MATERIAL PROVIDED: Begin
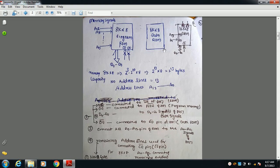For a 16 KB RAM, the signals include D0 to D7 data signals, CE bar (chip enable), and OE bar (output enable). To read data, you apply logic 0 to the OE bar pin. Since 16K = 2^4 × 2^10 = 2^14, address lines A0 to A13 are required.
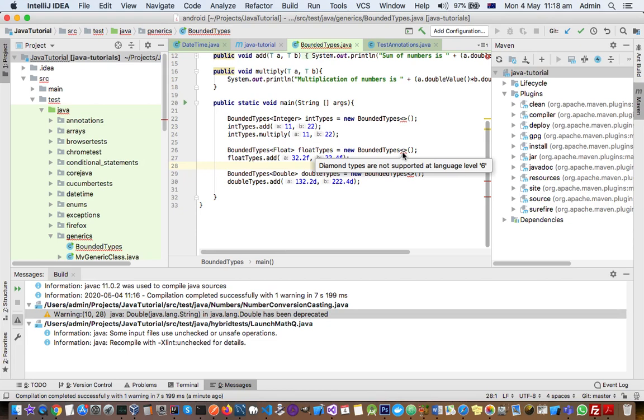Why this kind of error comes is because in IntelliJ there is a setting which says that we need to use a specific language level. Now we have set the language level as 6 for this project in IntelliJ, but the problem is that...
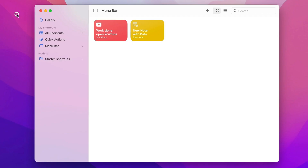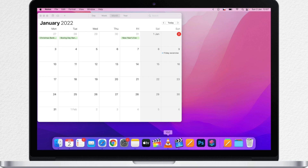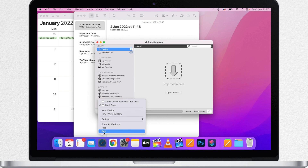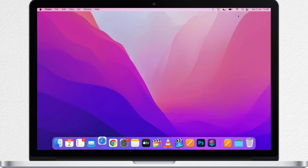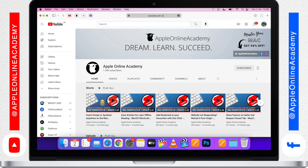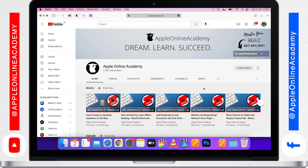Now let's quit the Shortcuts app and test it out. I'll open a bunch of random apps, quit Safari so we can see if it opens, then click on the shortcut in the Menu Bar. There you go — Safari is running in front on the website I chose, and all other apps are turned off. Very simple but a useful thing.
MATERIAL PROVIDED: End
The material above is to be transcribed exactly, with its images omitted.

For a 16 KB RAM, the signals include D0 to D7 data signals, CE bar (chip enable), and OE bar (output enable). To read data, you apply logic 0 to the OE bar pin. Since 16K = 2^4 × 2^10 = 2^14, address lines A0 to A13 are required.
Why this kind of error comes is because in IntelliJ there is a setting which says that we need to use a specific language level. Now we have set the language level as 6 for this project in IntelliJ, but the problem is that...
Now let's quit the Shortcuts app and test it out. I'll open a bunch of random apps, quit Safari so we can see if it opens, then click on the shortcut in the Menu Bar. There you go — Safari is running in front on the website I chose, and all other apps are turned off. Very simple but a useful thing.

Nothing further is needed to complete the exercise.